Suriname and Guyana signed on Thursday the protocols to become associate members of Mercosur which is currently holding its mid year summit in Montevideo. This means all South American countries are now part of Mercosur.
“The framework adhesion accord is an important step in the joint path to integration which has become imperative and is no longer an option for us”, said Guyana Foreign minister Carolyn Rodrigues-Birkett, adding that “we want to act as a bridge between South America and the Caribbean.
Suriname ambassador in Brasilia Marlon Hoesein described the event as ‘historical’ but also cautioned that “we have a long path ahead of us. However we are ready for that joint passage to build a more prosperous South America for the benefit of our peoples”.
“All countries of South America are Mercosur associates now”, underlined the foreign ministers from Argentina, Brazil, Uruguay and Venezuela in a joint release in which they underscored the three pillars for the block to advance: politics, cooperation, and trade and investments.
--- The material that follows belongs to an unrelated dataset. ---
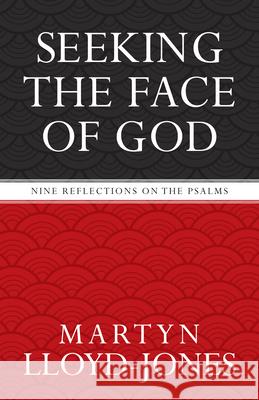 Seeking the Face of God: Nine Reflections on the Psalms Martyn Lloyd-Jones 9781581346756 Crossway Books
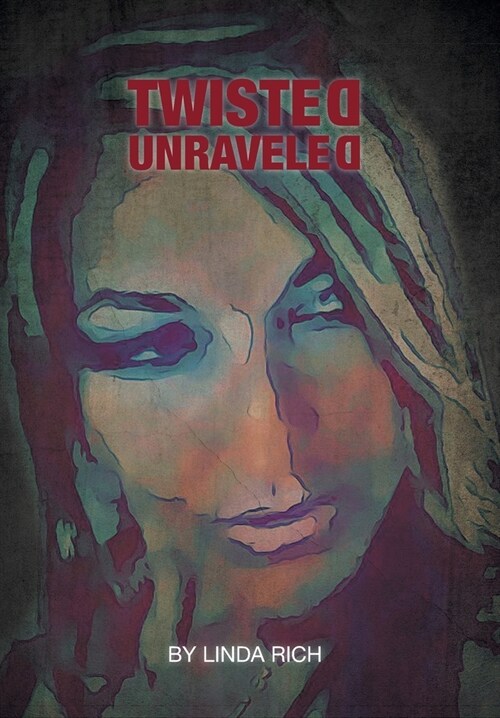 Twisted Unraveled (Hardcover)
“Political dialogue will include among other things the strengthening of democracy and the promotion of human rights, international peace and security and social development”, said Uruguayan foreign minister on reading the release.
Cooperation will enable to develop “initiatives in areas such as culture and education, agriculture, science and technology” with the purpose of “promoting the expansion and diversification of trade” among associate members through economic complementation accords that will emphasize deeper and closer relations between Mercosur and Guyana and Suriname.
The incorporation of the two countries on the Caribbean, as associate members took place in the framework of the XLV meeting of the Common Market Council which started early Thursday and will continue Friday with the presidential summit of member countries when the Mercosur rotating chair currently with Uruguay will be handed to Venezuela.
Friday’s declaration is expected to address the Paraguay controversy and three other main points: the incident suffered by Bolivian president Evo Morales when four European countries refused fly-over permission for his plane; the revelations from NSA leaker Edward Snowden referred to US spying in most Latam countries, and the right to asylum.